Le futur n'est plus ce qu'il était

Nul ne le sait encore

Parfois, vous ne pouvez pas faire de comparaison avec le passé, parce que dans certaines situations toute comparaison est impossible. C’est le cas avec la saison d’été 2016. Même les vieux de la vielle de l’industrie du voyage n’en savent pas plus. Un départ pas vraiment folichon de la saison des réservations, des perspectives peu engageantes pour la suite et soudain, le monde entier qui s’arrête. Dans les semaines qui ont suivi le 22 mars, il est logique que des diminutions catastrophiques aient été constatées.
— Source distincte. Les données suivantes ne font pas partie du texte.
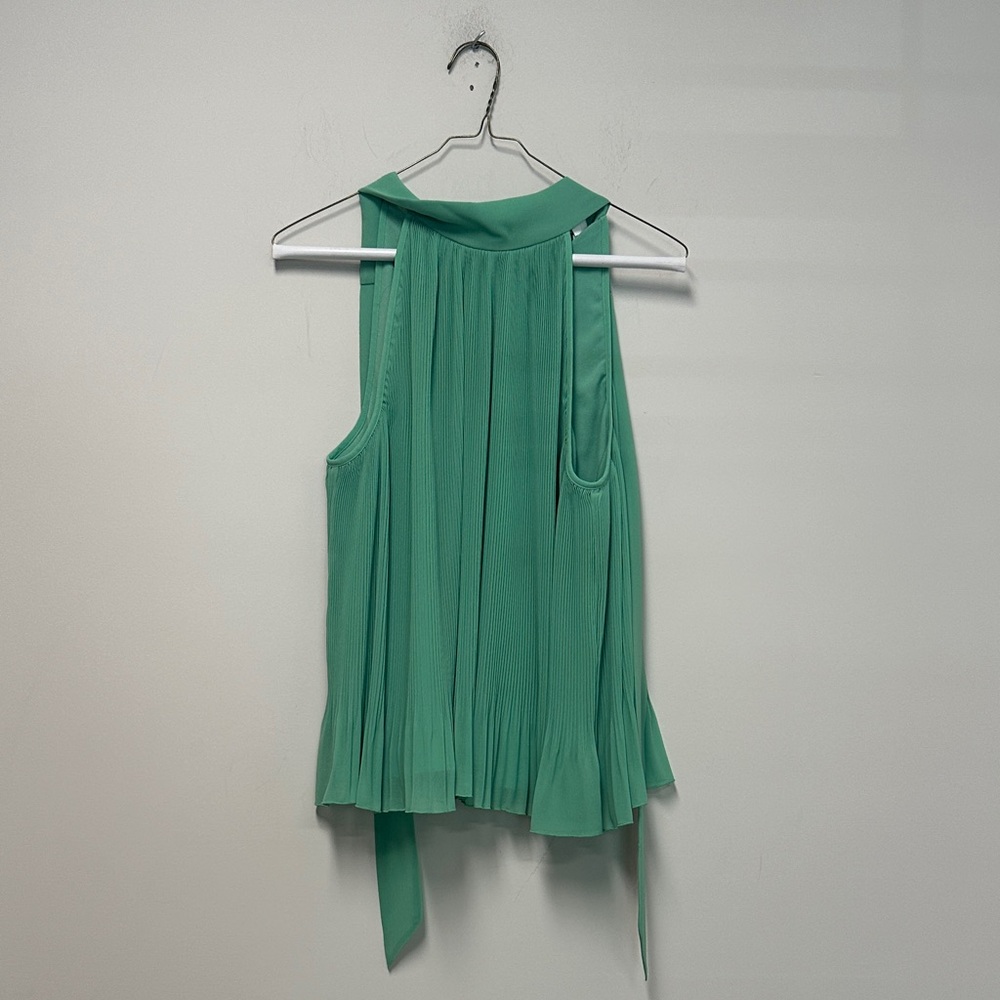 Veronica Beard Green Sleeveless Pleated Top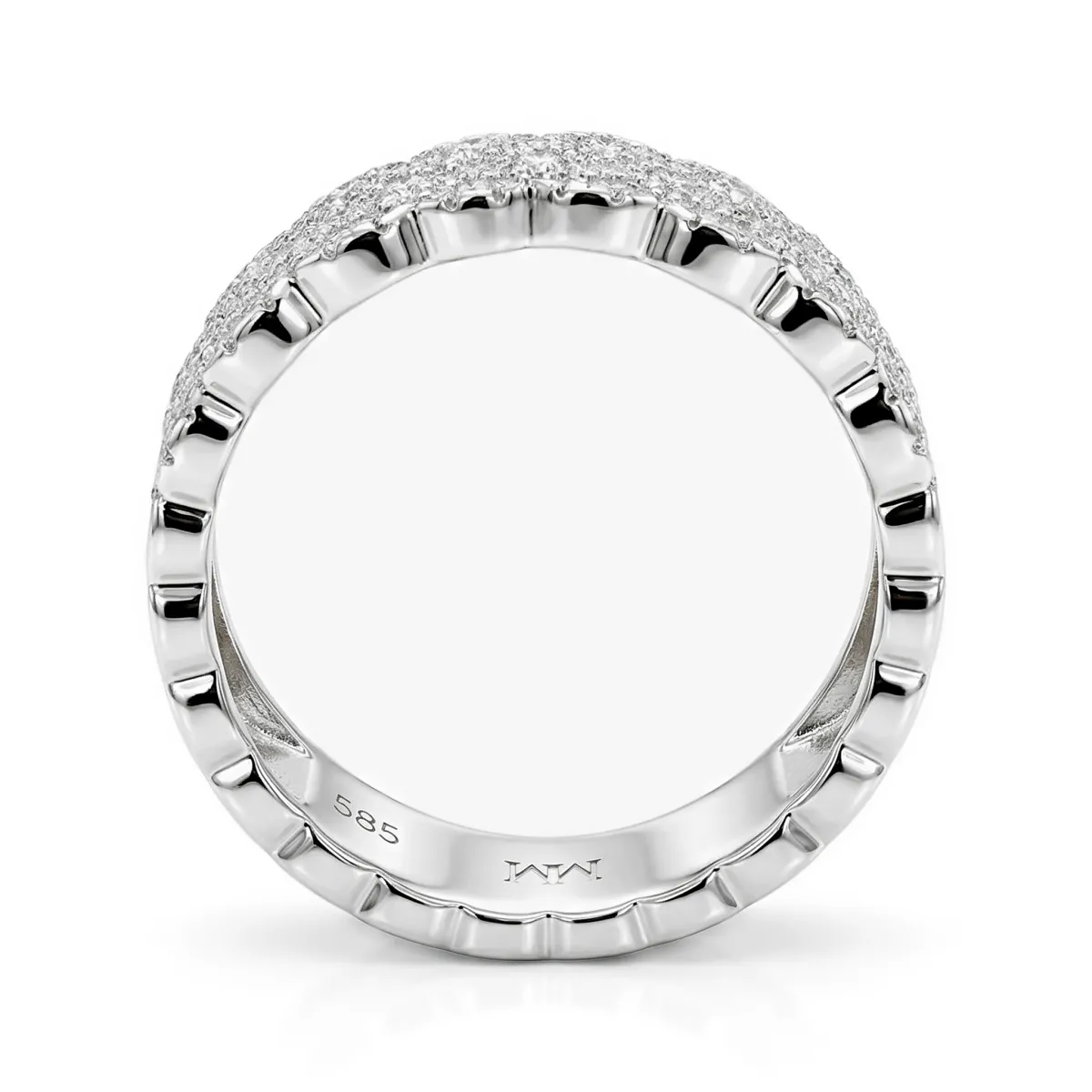 Cresta - Breiter Pavé Moissanit Verlobungsring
Certains pourcentages ont filtré ici et là indiquant des baisses de 40 à 50%, toujours dans la période post 22/3. Et alors ? Dans de telles circonstances dramatiques, les comparaisons ne sont pas fondées et même totalement inutiles. Entretemps, les réservations ont légèrement repris et une partie de l'industrie du voyage espère encore un rush des last minutes notamment vers la Turquie, mais aussi vers la Grèce. Pour beaucoup d’acteurs, ce ne sera pas une bonne année, sans aucun doute. Mais il y a toujours du nouveau sous le soleil.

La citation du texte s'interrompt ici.